2 NOTE When referenced, an object may be interpreted as having a particular type; see 6.3.2.1.

and (7.22.3 Memory management functions)

1 The order and contiguity of storage allocated by successive calls to the aligned_alloc, calloc, malloc, and realloc functions is unspecified. The pointer returned if the allocation succeeds is suitably aligned so that it may be assigned to a pointer to any type of object with a fundamental alignment requirement and then used to access such an object or an array of such objects in the space allocated (until the space is explicitly deallocated).

also this quote will be useful here (6.2.5 Types)

20 Any number of derived types can be constructed from the object and function types, as follows:

— An array type describes a contiguously allocated nonempty set of objects with a particular member object type, called the element type. The element type shall be complete whenever the array type is specified. Array types are characterized by their element type and by the number of elements in the array.
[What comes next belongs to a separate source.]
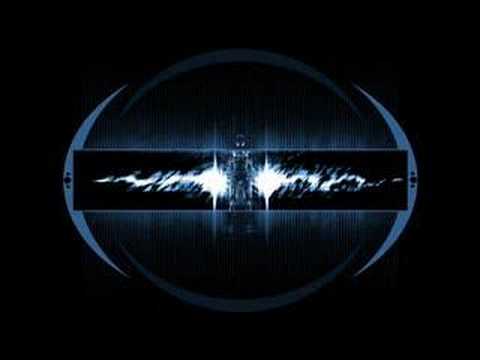 DJ Kaycee - Escape [ORIGINAL]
An array type is said to be derived from its element type, and if its element type is T, the array type is sometimes called ‘‘array of T’’. The construction of an array type from an element type is called ‘‘array type derivation’’.

and at last *6.5.6 Additive operators)

8 When an expression that has integer type is added to or subtracted from a pointer, the result has the type of the pointer operand. If the pointer operand points to an element of an array object, and the array is large enough, the result points to an element offset from the original element such that the difference of the subscripts of the resulting and original array elements equals the integer expression. In other words, if the expression P points to the i-th element of an array object, the expressions (P)+N (equivalently, N+(P)) and (P)-N (where N has the value n) point to, respectively, the i+n-th and i−n-th elements of the array object, provided they exist. Moreover, if the expression P points to the last element of an array object, the expression (P)+1 points one past the last element of the array object, and if the expression Q points one past the last element of an array object, the expression (Q)-1 points to the last element of the array object. If both the pointer operand and the result point to elements of the same array object, or one past the last element of the array object, the evaluation shall not produce an overflow; otherwise, the behavior is undefined. If the result points one past the last element of the array object, it shall not be used as the operand of a unary * operator that is evaluated.